Introduction to Qubole Pipelines Service

Qubole Pipelines Service is a Data Engineering product offered by Qubole. It is a Stream Processing Platform-as-a-Service catering to real-time ingestion and reporting use-cases. Qubole Pipelines Service helps Data Engineers to operationalize the complex streaming ETL workloads. It helps in moving data with transformations and in real-time from sources such as, kafka and Kinesis to targets such as, S3, HIVE, and Snowflake.

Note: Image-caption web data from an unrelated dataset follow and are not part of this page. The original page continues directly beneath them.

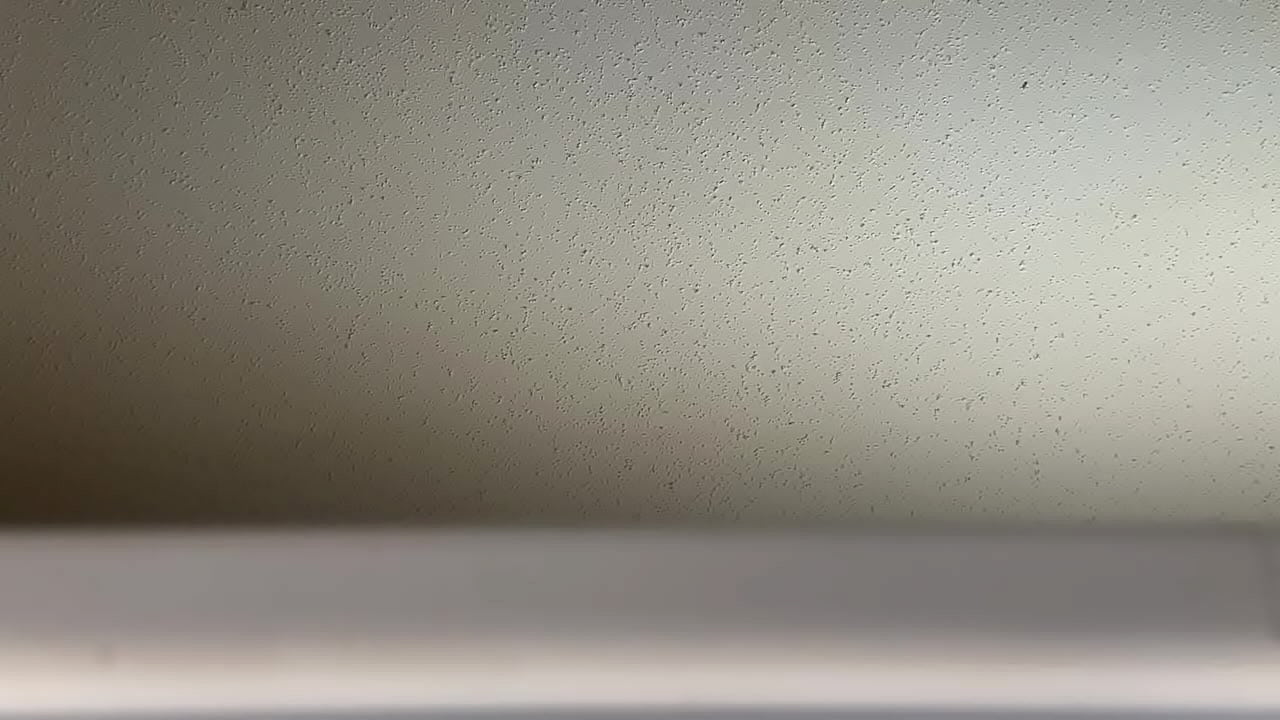 Hearing couple fuck from my window during the day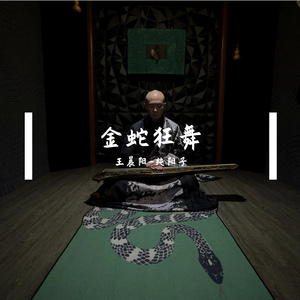 金蛇狂舞【古琴版】
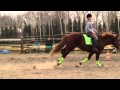 Matador galop 8.03.2014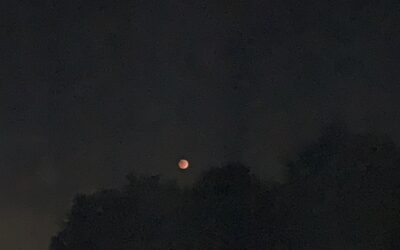 God’s Handiwork…The Blood Moon…YOU!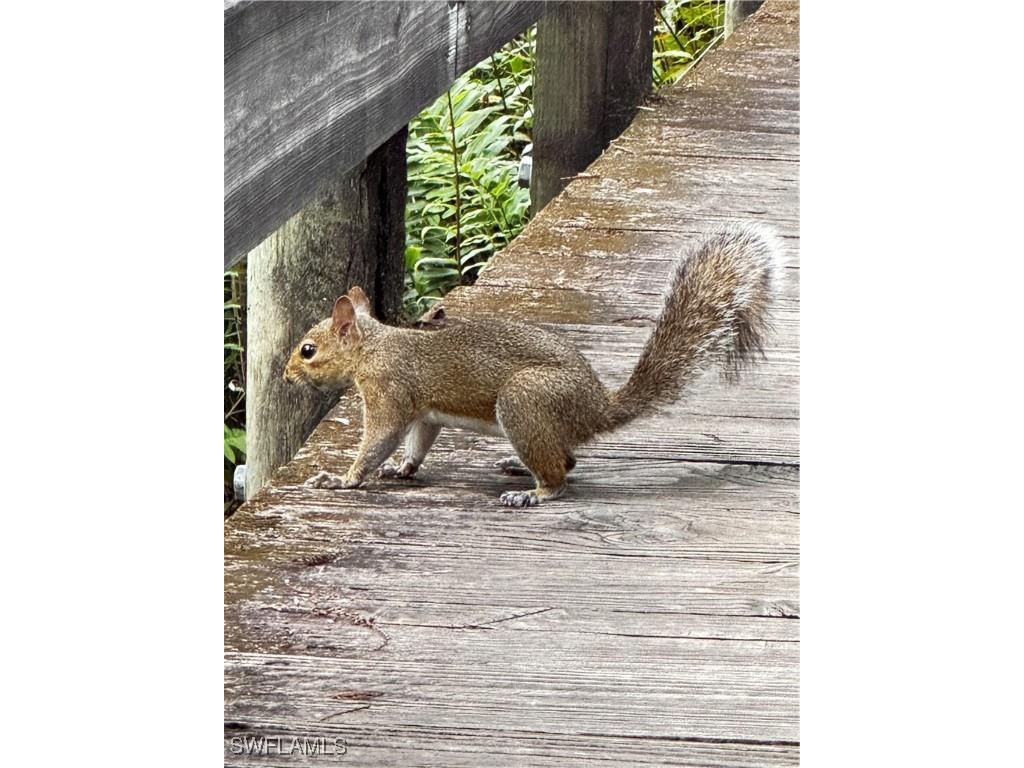 10581 Ben C Pratt/6 Mile Cypress Parkway Fort Myers FL 33966 223095364 image13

Qubole Pipelines Service provides the following benefits:

  • Lower TCO at high performance: Qubole’s Spark Structured Streaming-as-a-service with advanced auto-scaling capabilities and reliability with exactly one semantics.
  • Higher Productivity: A management platform to build, test, deploy, monitor, and manage streaming ETL pipelines.
  • Wide Connectivity: Lower Time-to-Insight with wide range of connectivity to various Real-Time, NoSQL, Data Warehouse stores to support end-to-end real-time analytics.
  • Open Source standard conformity and Multi-Cloud: To future-proof your solution, associate your workloads to OSS standards which can be seamlessly ported from one public cloud to another.

Note

Qubole Pipelines Service is enabled for all users by default as a BETA feature.

The primary users of Qubole Pipelines Service are Data Engineers and the secondary users are Data Scientists, Data Analysts, and ETL developers.

  • Data Engineers with coding expertise in Scala, Python or Java can use this platorm to operationalize business-critical workloads.
  • Data Scientists, Data Analysts, and ETL developers can perform simple ingestions without having to write a single line of code, and subscribe to a streaming topic from Kafka or Kinesis.

Key Capabilities

To operationalize your business critical pipelines, Qubole Pipelines Service provides following capabilities in addition to the capabilities offered by the open source Apache Spark Structured streaming:

  • Reliability:
    • Retry on Failure: Jobs are restarted on intermittent failures.
    • Real-Time Monitoring: Integrated monitoring with Prometheus.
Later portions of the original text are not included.